TEMERLOH, Jan 13 — The muddy waters that kept much of Temerloh’s center here submerged for over five days until early January was not the only tragedy that left this Pahang township devastated after the nation’s worst flood in decades.

As affected residents took cover from the raging waters that turned roads into rivers, looters, masked and even armed, hopped onto boats to scavenge.

With no police officers or enforcement officers in sight, the criminals reigned supreme in the state of lawlessness and made a killing, victims told Malay Mail Online.

Cries for help to stop the brazen daylight robberies went unattended, they claimed, as even the police couldn’t spare enough boats for crime work.

A worker from one Goodyear Tyre shop along Jalan Mentakab-Temerloh said that armed robbers broke open locked shutters and made off with 150 car tyres, 60 batteries and bottles of engine oil.

“Who would have thought that people would steal tyres of all things during the floods,” the 25-year-old who only wants to be known as Mr Khoo said. The estimated loss is at least RM100,000, he added.

He said the 7-Eleven store next door had been completely robbed. It was not opened for business yesterday during Malay Mail Online’s visit.

Continuous rains saw the waters in Temerloh rise very quickly from December 28, 2014, onwards, leaving the second-largest town in Pahang submerged for about five days.

It was only on January 2 that the waters finally began receding, traders said.

“In the short five days, armed looters who moved around in about six boats robbed us blind, not just us but so many others along this road,” a supervisor at the Super Cowboy Trading Sdn Bhd wholesale hypermarket told Malay Mail Online in Chinese.

He said people who had witnessed the looters carrying boat-full of brand new goods on the first day of the floods had informed him of the robberies. They even sent him pictures showing young men with their faces covered, he added.

Three workers who were staying at a hostel next to the hypermarket on the higher floor apparently witnessed the robberies but could not stop them.

“Where were the police? No where to be found,” he lamented.

In the five days, the supervisor said he placed more than 10 distress calls to the police but help did not arrive.

At the time, he claimed, the police said they had no boats to head out to the area to stop the looting.

Today, a police officer manning the Temerloh floods hotline told Malay Mail Online that of the 24 boats that were operating during the floods, eight were police boats.

Damaged goods are dumped in an open area outside a store in Temerloh, January 13, 2015. ― Picture by Choo Choy May
Damaged goods are dumped in an open area outside a store in Temerloh, January 13, 2015. ― Picture by Choo Choy May

Asked to estimate his losses, the supervisor shrugged helplessly and said that they were too large to estimate.

He said the hypermarket previously had more than 100 industrial-sized aluminium pots but only three were left by the looters.

Another staff at the hypermarket said 80 per cent of their stock was destroyed by the floods and the remaining 20 per cent was mostly stolen.

There is hardly anything left in the store to sell, she lamented.

As to how long it would take before the store could open for business again, the supervisor said it could take anywhere between three and six months to get things in order.

During Malay Mail Online’s visit, many people stopped by the hypermarket to purchase some daily essentials, with some even hoping for a large sale on some of the slightly damaged goods.

Down the road, a supermarket manager said looters visited his store too.

The manager who declined to be named said he was keeping watch along with about 20 other staff members from a higher building behind the mart.

Each time they saw the looters heading towards the store, the store’s employees would hop onto a non-motorised wooden boat using sticks as paddles to try and scare them off.

But many of the looters brandished knives or even machetes.
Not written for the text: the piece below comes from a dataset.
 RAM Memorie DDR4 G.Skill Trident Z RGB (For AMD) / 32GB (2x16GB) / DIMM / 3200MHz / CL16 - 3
For some of those who asked for rice, the workers would pass it to them, but at knifepoint.

“But those with the intention to rob, they would just steer their power boat into the building and had taken off with electronics, phones, and cigarettes,” he said.

On January 2, when the floodwaters receded, he said the police finally showed up at the store to ask if they needed assistance.

He told them, ‘No. It’s too late now. When we needed you the most, you weren’t there”.

“We are taxpayers too and we deserve your help. We can’t defend ourselves, we don’t have guns,” he said.

The man said he did not file a police report on the looting as he was disappointed with the lack of action despite his over 20 calls to the police.

When contacted, Temerloh district police told Malay Mail Online that between December 23 last year and January 4 this year, there were 27 reported break-ins; 19 were at shops and supermarkets while four were at petrol stations and four at houses.

A police spokesman said five men between the ages of 17 and 25 years have since been arrested to date and will be investigated under Section 457 of the Penal Code.